Im Urlaub will ich mich endlich bewegen.

Will Zeit für meine Familie haben.

Und auch für Natur und Kultur.

Will endlich was lesen. Und was sehen von der Welt, von Land und Leuten.

Vor allem: Will ich endlich mal nichts müssen.

 

Und spüre dann: Es geht nicht. Das sind viel zu viele Erwartungen.

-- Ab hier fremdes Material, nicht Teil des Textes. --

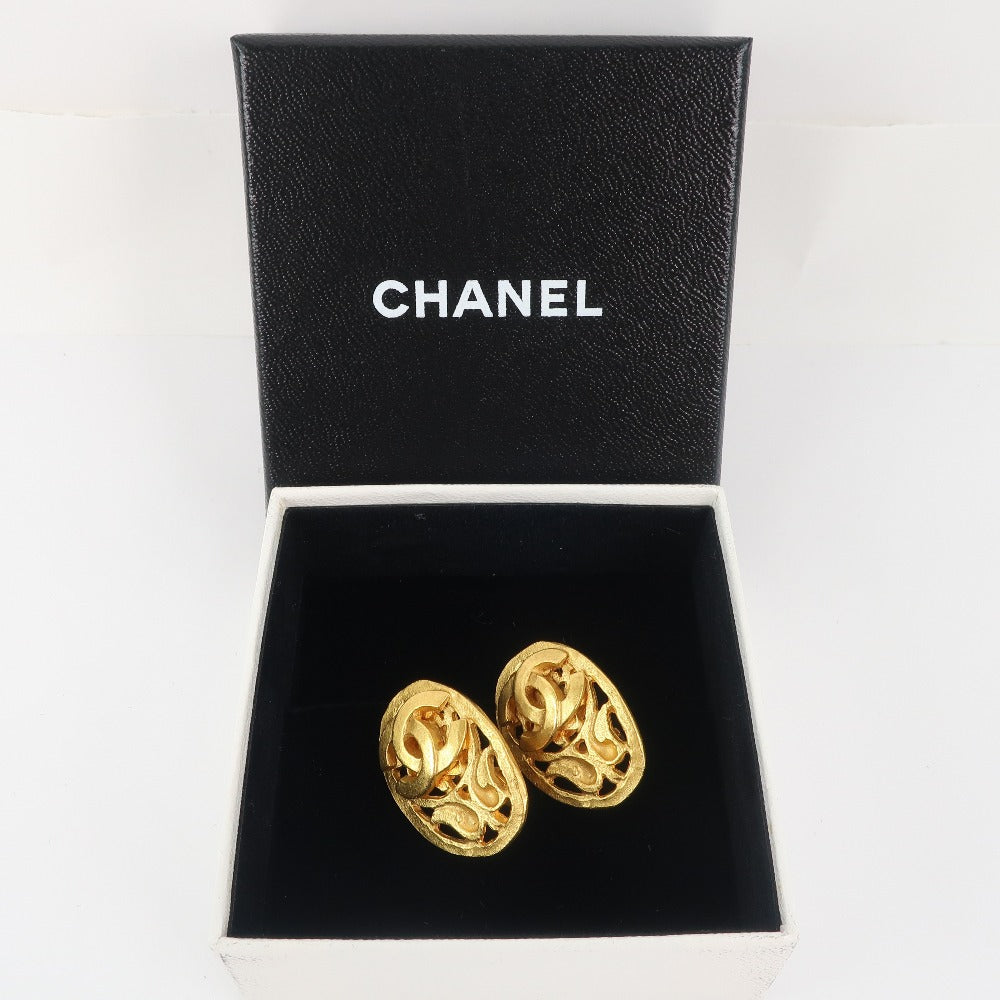 Chanel Earring Plated Gold Gold Vintage Oval Women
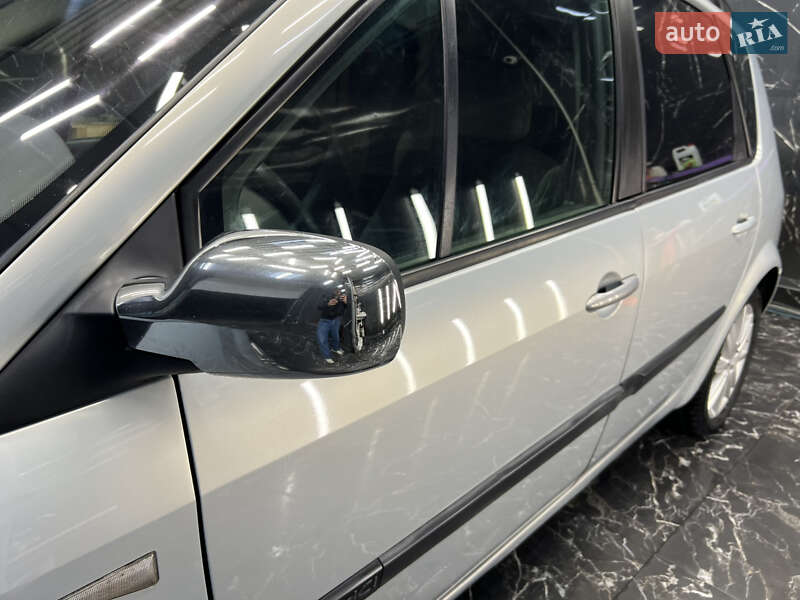 Минивэн Renault Scenic 2003 в Львове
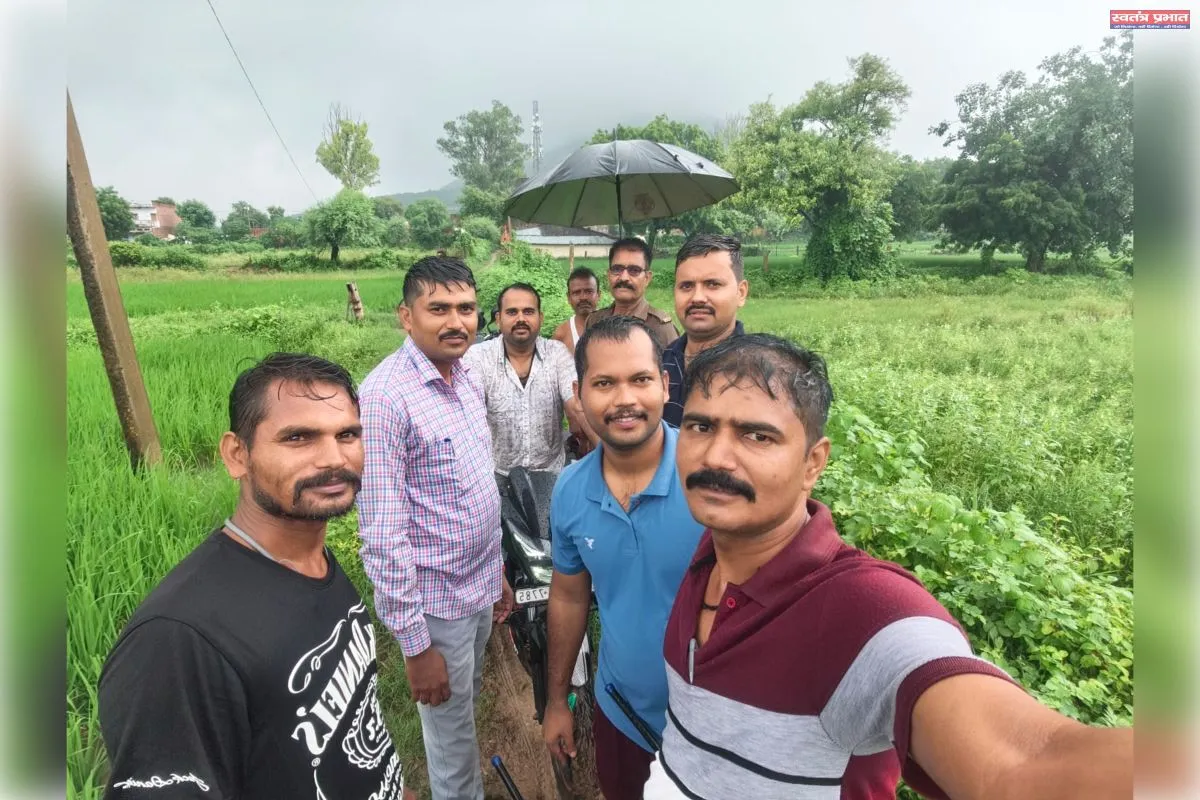 महुगड़ी में जंगली हाथी का आतंक, खेतों में रौंदी फसलें; वन विभाग की टीम रेस्क्यू में जुटी, ग्रामीणों में दहशत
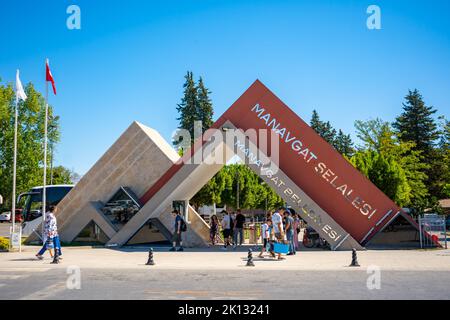 Manavgat, Turchia - 8 settembre 2022: Persone vicino a un piccolo edificio geometrico eccentrico dell'ingresso alle cascate Manavgat. Foto Stock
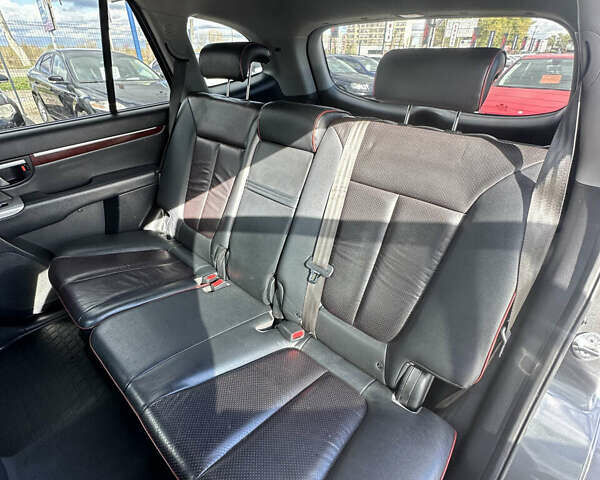 Хендай Санта Фе, объемом двигателя 2.2 л и пробегом 263 тыс. км за 12999 $, фото 15 на Automoto.ua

Unter der Hand wird daraus das unerfüllbarste Muss:

Es ist paradox und absurd:

Im Urlaub will ich endlich frei sein von dem, was mich knechtet im Alltag – und knechte mich plötzlich selber mit meinen Erwartungen an die freie Zeit.

 

Wie da rauskommen?

Wenn ihr nicht werdet wie die Kinder, sagte Jesus. Kind sein heißt: Ich darf einfach nur da sein. Ich muss nichts beweisen. Darf empfangen, was mir zufällt. Sonne, Wasser, Wind, Wolken, Luft, andere Menschen. Mich des Lebens freuen. Geschehen lassen. Kind sein - statt Knecht sein von Erwartungen und Ansprüchen.

 

Das mussten wir mit unserer Männercombo auch erst lernen. Jedes Jahr sind wir eine Woche lang mit dem Rad unterwegs. Anfangs hatten wir große Ansprüche und Erwartungen. Wollten unbedingt unsere Tagesziele erreichen. Da wurde jede Panne zum massiven Störfall. Mit viel Stress. Irgendwann haben wir einfache Regeln aufgestellt. Zum Beispiel: „Wir wollen nicht von A nach B. Wir wollen Rad fahren.“ Das schenkt Zeit. Und Gelassenheit. Oder: Was passiert, ist richtig. Also auch der Störfall - ist richtig. Gegen alles Lamentieren. Und jedes Mal, wenn wir vom Weg abkamen, gilt die schlichte Regel: „Wir wiederholen.“ Hilft gegen alle Schuldzuweisungen.

 

Und hinterher: „Na, wie war der Urlaub?“ Nein, nicht perfekt, auch mit Pleiten und Pannen. Wir haben geschehen lassen und empfangen, was uns zufiel. Deshalb ist jede Tour voller Erlebnisse. Und von denen erzählen wir dann - immer wieder. Wie sagte Jesus? Wenn ihr nicht werdet wie die Kinder...

 

Einen schönen Urlaub wünsche ich Ihnen. Und einen gesegneten Sonntag.